En 1986, la réfection des vitraux de l’église Saint-Martin.

Jusqu’en 1988, les fouilles (d’importance nationale) du site du palais royal.

En 1988, la restauration du portail royal de l’église Notre-Dame.

En 1988-1989, l’extension de la promenade des Portereaux jusqu’à la rue de Saclas.

En 1992, la réfection du pont dorée et de la rue.

En 1994, la restauration des façades de l’hôtel Anne de Pisseleu et le pavement de sa cour. Le lancement de la troisième tranche de restauration des orgues de la collégiale Notre-Dame.
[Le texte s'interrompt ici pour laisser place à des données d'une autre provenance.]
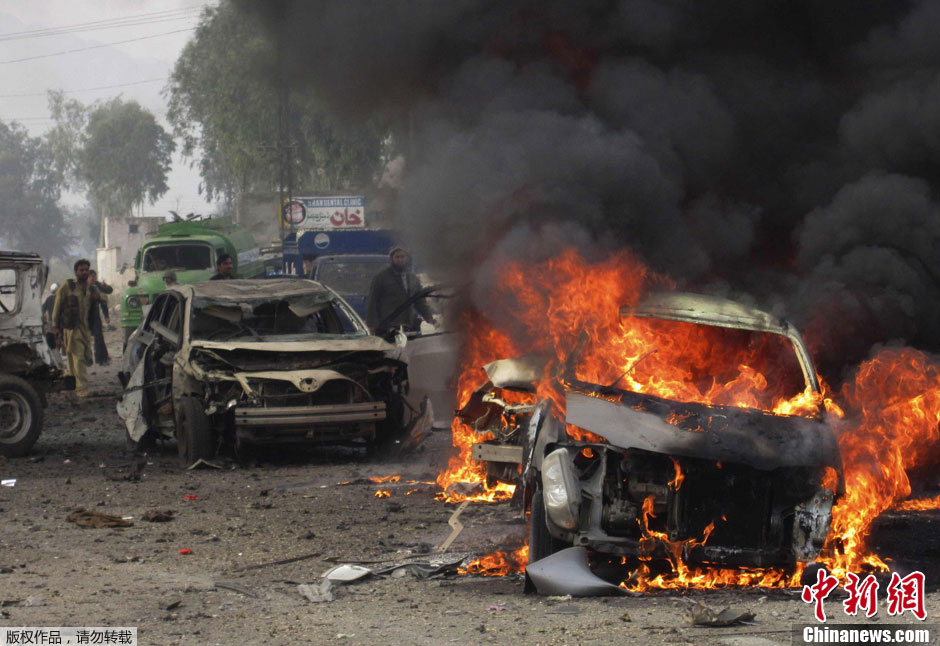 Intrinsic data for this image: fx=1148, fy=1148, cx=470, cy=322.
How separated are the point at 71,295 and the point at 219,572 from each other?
11.2m

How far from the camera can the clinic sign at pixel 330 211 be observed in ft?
112

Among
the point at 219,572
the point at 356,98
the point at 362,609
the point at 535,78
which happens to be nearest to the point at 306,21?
the point at 356,98

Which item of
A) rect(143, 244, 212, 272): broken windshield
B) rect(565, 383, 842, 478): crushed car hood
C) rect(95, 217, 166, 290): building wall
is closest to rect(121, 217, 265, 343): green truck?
rect(143, 244, 212, 272): broken windshield

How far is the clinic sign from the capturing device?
112 ft

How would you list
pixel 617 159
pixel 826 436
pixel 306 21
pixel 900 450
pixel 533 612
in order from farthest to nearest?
pixel 306 21 < pixel 617 159 < pixel 900 450 < pixel 826 436 < pixel 533 612

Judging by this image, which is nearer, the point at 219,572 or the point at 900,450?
the point at 219,572

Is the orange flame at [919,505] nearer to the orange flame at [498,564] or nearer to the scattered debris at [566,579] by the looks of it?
the orange flame at [498,564]

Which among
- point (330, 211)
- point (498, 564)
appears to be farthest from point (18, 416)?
point (330, 211)

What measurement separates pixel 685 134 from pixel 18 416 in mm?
7028

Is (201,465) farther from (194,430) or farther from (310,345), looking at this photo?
(310,345)

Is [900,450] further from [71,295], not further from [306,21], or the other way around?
[71,295]

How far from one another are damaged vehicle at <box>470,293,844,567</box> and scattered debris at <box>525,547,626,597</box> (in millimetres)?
135

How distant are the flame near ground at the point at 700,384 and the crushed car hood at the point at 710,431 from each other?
0.40 metres

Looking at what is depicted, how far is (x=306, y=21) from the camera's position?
11812 millimetres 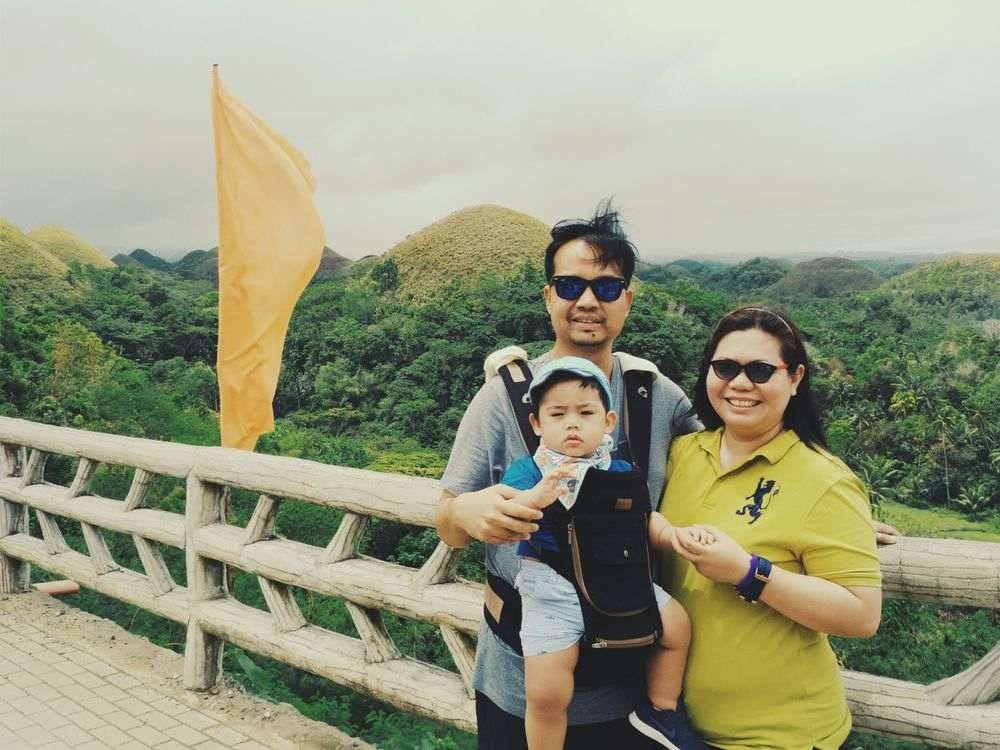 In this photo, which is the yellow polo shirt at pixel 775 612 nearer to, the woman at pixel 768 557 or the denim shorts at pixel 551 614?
the woman at pixel 768 557

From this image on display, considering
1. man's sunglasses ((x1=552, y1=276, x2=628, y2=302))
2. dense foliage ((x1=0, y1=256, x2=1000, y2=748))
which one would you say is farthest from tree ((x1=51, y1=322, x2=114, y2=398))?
man's sunglasses ((x1=552, y1=276, x2=628, y2=302))

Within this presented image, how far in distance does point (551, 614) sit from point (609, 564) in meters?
0.14

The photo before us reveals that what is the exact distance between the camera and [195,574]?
11.5 ft

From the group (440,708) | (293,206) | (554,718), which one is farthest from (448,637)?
(293,206)

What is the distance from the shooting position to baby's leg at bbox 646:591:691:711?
1.48 m

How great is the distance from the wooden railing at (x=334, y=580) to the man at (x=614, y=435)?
1.91 feet

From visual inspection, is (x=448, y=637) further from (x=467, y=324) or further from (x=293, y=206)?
(x=467, y=324)

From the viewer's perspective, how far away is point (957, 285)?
180 feet

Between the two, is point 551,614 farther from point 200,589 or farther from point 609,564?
point 200,589

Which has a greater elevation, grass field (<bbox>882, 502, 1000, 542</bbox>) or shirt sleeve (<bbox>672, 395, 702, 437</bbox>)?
shirt sleeve (<bbox>672, 395, 702, 437</bbox>)

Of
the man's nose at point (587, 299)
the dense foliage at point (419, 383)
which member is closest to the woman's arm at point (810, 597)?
the man's nose at point (587, 299)

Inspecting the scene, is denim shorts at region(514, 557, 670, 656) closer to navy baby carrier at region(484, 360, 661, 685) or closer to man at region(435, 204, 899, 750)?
navy baby carrier at region(484, 360, 661, 685)

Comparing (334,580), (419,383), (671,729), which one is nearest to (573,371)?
(671,729)

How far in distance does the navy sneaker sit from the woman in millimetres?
23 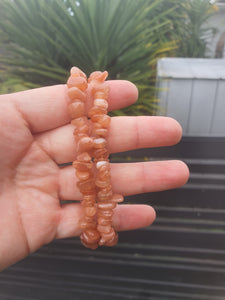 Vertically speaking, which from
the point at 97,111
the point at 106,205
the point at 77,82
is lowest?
the point at 106,205

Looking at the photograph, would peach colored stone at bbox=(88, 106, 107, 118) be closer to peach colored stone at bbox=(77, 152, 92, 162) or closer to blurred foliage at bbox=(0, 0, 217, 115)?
peach colored stone at bbox=(77, 152, 92, 162)

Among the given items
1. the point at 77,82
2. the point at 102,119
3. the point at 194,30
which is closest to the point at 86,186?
the point at 102,119

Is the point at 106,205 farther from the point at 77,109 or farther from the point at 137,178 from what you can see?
the point at 77,109

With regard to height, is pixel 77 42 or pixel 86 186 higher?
pixel 77 42

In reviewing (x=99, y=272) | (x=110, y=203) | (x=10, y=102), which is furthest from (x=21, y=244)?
(x=99, y=272)

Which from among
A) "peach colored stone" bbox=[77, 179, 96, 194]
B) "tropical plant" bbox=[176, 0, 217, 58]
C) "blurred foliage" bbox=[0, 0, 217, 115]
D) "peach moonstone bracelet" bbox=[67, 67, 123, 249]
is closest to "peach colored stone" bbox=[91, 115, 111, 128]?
"peach moonstone bracelet" bbox=[67, 67, 123, 249]

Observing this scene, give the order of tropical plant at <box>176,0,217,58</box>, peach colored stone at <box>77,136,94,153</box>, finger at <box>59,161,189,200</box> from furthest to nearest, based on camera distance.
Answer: tropical plant at <box>176,0,217,58</box>, finger at <box>59,161,189,200</box>, peach colored stone at <box>77,136,94,153</box>

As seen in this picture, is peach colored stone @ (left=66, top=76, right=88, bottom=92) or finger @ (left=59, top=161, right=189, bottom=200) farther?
finger @ (left=59, top=161, right=189, bottom=200)

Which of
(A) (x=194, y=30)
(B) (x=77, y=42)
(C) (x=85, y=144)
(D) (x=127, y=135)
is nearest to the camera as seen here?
(C) (x=85, y=144)

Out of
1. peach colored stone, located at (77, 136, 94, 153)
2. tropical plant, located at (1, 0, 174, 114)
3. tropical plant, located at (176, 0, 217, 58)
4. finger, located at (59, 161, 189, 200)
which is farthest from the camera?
tropical plant, located at (176, 0, 217, 58) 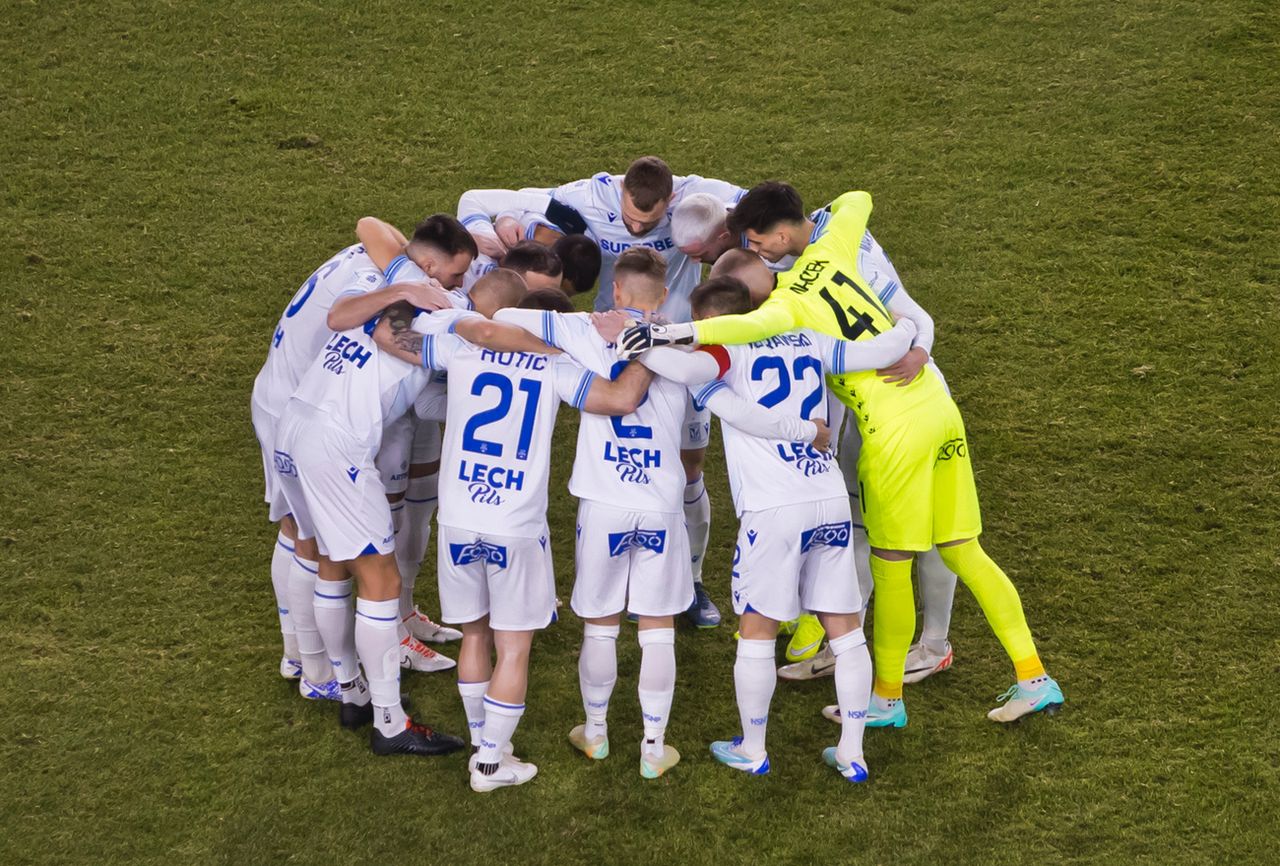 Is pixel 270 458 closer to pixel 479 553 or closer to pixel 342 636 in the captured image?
pixel 342 636

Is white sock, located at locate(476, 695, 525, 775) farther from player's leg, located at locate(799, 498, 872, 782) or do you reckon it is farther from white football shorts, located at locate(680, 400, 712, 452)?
white football shorts, located at locate(680, 400, 712, 452)

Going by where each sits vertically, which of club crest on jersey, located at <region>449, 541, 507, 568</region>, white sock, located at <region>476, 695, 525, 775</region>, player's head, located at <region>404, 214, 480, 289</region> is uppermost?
player's head, located at <region>404, 214, 480, 289</region>

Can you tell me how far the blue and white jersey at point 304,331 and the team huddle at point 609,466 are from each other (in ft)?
0.03

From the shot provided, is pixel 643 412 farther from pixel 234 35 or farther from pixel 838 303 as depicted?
pixel 234 35

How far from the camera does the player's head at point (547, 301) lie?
4.96 m

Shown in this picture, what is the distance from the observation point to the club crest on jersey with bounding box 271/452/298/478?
497 centimetres

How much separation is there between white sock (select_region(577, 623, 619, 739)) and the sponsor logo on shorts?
1.36m

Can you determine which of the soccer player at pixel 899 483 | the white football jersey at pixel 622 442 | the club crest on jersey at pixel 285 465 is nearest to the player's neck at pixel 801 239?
the soccer player at pixel 899 483

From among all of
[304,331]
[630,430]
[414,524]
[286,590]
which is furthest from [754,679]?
[304,331]

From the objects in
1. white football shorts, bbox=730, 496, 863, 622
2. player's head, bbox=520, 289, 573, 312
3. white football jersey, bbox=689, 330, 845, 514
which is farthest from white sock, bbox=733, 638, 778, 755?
player's head, bbox=520, 289, 573, 312

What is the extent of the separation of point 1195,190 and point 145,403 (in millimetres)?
6393

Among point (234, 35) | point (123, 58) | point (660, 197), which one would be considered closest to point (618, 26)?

La remise en peinture des locaux du musée.

Encore, ne s’agit-il là que des principales réalisations.

 

Si de son côté, l’actuelle municipalité a, à son actif un certain nombre de réalisations qu’il était nécessaire de mettre en œuvre, elle traîne aussi derrière elle bien des boulets dont les étampois font aujourd’hui et pour encore longtemps, les frais.

Nous voulons parler en particulier de la disparition de plus de 80% du patrimoine pavé étampois, du renoncement à tout projet de sauvegarde d’urgence du portail byzantin de l’église Saint Basile, de l’abandon ayant conduit à la destruction de l’ancien hôpital avec le vol des boiseries, la mise à sac de la chapelle, le vol de la cloche, l’affaissement des planchers du aux infiltrations.

Il faut noter aussi l’abandon de tous les projets de restauration ou culturels autour de la tour de Guinette. Remarquons à ce sujet, selon un rapport transmis au maire à l’époque, qu’en ouvrant les dimanches d’été, l’association des Amis du Château Royal d’Etampes (ACRE) recevait plus de visiteurs que le musée de la ville dans toute l’année. Et encore ne parlons nous pas de la mise aux oubliettes des travaux réalisés en coopération avec des chercheurs de l’université de Bordeaux et qui avaient permis la localisation des différentes enceintes du château.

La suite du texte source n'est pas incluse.